Mycroft öffnet erneut die Augen, vorsichtiger, und blinzelt gegen das weiße Neonlicht. Langsam nimmt seine Umgebung Formen an- schwimmende, undeutliche Formen, aber es gibt ohnehin nicht viel zu sehen. Die Decke über ihm ist weiß getüncht, ebenso alle Wände, die er sehen kann. Er befindet sich in einem Bett mit Metallgestell und weiß gebleichter Leinenbettwäsche. Der Fußboden- Mycroft rollt nach links und schafft es, über die Bettkante zu spähen- der Fußboden besteht aus porösem, grauem Stein, und die Luft riecht nach Zitrone und Desinfektionsmittel und dem muffigen Unterton, den Keller und Dachböden paradoxerweise gemein haben.

Es gibt eine Tür; Mycroft kann die obere Kante über sein Kinn hinweg erspähen. Weiß, vermutlich aus Metall. Er versucht, den Kopf zu heben, um das winzige Zimmer genauer zu betrachten, aber das Blei scheint aus seinem Gehirn in seine Knochen geflossen zu sein. Er kann sich kaum bewegen, und die Anstrengung treibt ihm den Schweiß auf die Stirn.

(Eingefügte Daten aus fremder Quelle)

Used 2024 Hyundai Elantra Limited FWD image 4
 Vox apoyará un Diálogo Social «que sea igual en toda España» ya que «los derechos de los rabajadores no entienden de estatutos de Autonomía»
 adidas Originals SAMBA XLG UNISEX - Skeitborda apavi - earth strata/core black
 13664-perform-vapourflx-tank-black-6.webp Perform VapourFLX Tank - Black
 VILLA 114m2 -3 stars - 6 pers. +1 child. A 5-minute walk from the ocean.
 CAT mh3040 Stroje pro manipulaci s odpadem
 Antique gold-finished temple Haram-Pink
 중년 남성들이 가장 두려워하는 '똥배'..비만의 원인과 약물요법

Die ganze Erfahrung ist überaus frustrierend, denn seine Gedanken sind wieder in Schwung und er kann die entsprechenden Befehle genaustens formulieren- seine Gliedmaßen gehorchen ihnen nur einfach nicht.

Keuchend wälzt er sich wieder auf den Rücken und macht gleich noch eine Entdeckung.

Sein achttausend-Pfund-Anzug ist verschwunden, genau wie sein Mantel, seine Socken und seine Schuhe. Und der Regenschirm. Stattdessen trägt er weiße Baumwollhosen, ein einfaches Hemd und ist barfuß.

Der Verlust seiner Kleidungsstücke schmerzt, und ihm behagt die Vorstellung überhaupt nicht, dass ihn jemand aus- und umgezogen hat, während er bewusstlos war. Aber noch mehr fehlt ihm der Schirm. Er war ein Geschenk von Sherlock zu seinem dreißigsten Geburtstag, ein schmales schwarzes Ding komplett mit im Griff verborgener Klinge und absolut wetterfest. Er mochte diesen Schirm. Er ist so etwas wie sein Wahrzeichen geworden, und er will nicht, dass jemand wie Moriarty ihn hat.

Die Tür öffnet sich und unterbricht seinen Gedankengang. Er bekommt den Kopf noch immer nicht hoch, aber er schafft es, sich bis zum Kopfende des Bettes zu schieben und die Metallstreben als Stütze zu benutzen. Was er sieht- oder genauer, wen- hebt nicht gerade seine Laune, aber es bietet immerhin erste Anhaltspunkte.

Zwei Männer stehen im Türrahmen. Der eine ist schwarz gekleidet, geradezu klischeehaft mit seinem versteinerten Gesichtsausdruck und dem Stöpsel im Ohr, die Hände hinter dem Rücken gefaltet. Mycroft prägt sich seine Züge ein, aber ignoriert ihn fürs Erste. Er ist nur ein Handlanger, ein Minion, letztendlich unwichtig und ersetzlich. Nein, es ist der andere Mann, der seine Aufmerksamkeit erregt.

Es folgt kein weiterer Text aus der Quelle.